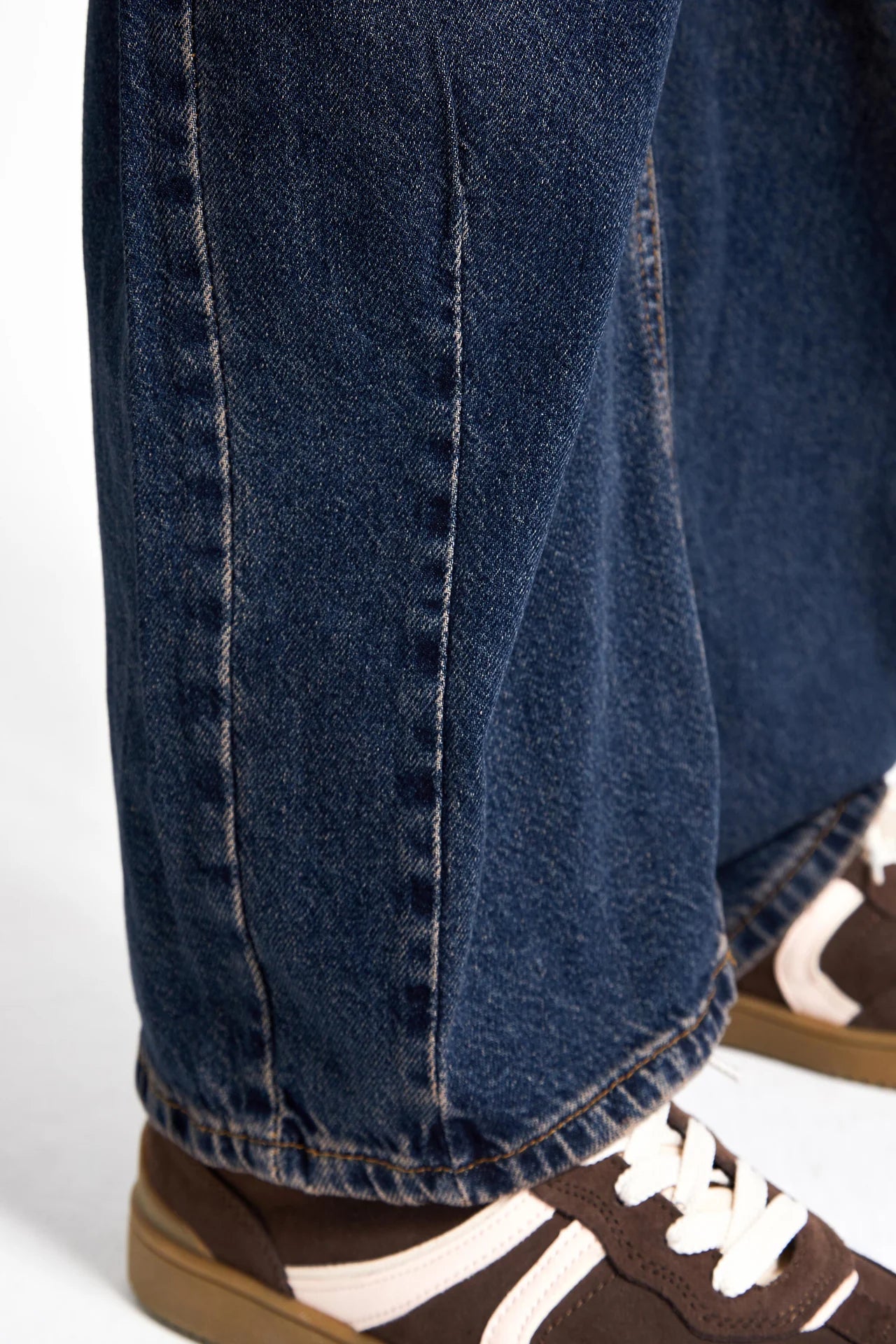 LUNA BARREL BAGGY MID RISE JEANS - ECLIPSE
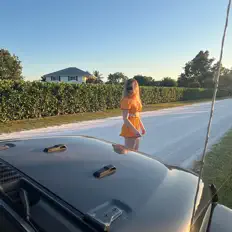 Ascolta Madi Wolf, guarda video musicali, leggi la biografia, vedi le date del tour & altro!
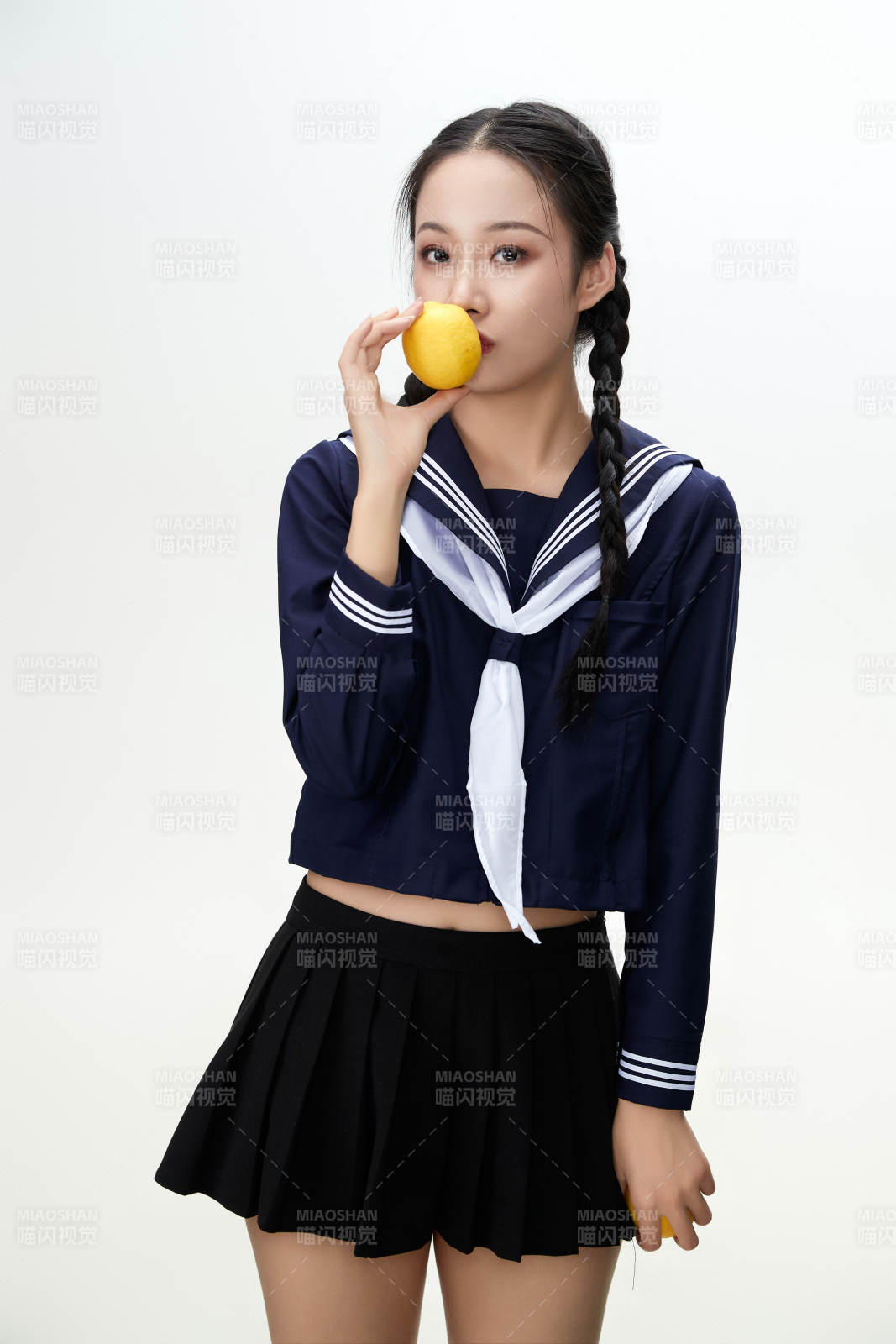 吃水果的亚洲东方长发少女图片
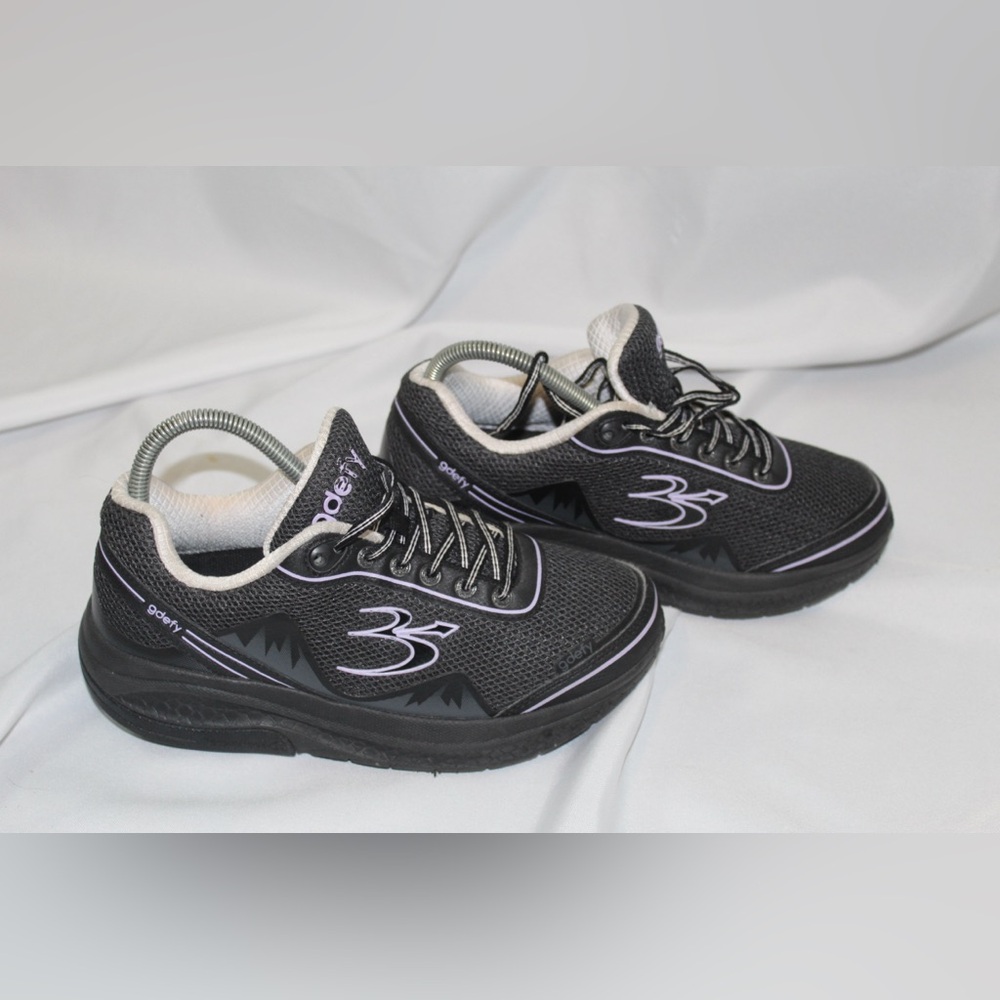 G-DEFY Mighty Walk Women’s Orthopedic Walking Shoe, 7 Black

Task: When you repeat the lines above, keep them exact and leave out each image they contain.

Response area:
 LUNA BARREL BAGGY MID RISE JEANS - ECLIPSE
 Ascolta Madi Wolf, guarda video musicali, leggi la biografia, vedi le date del tour & altro!
 吃水果的亚洲东方长发少女图片
 G-DEFY Mighty Walk Women’s Orthopedic Walking Shoe, 7 Black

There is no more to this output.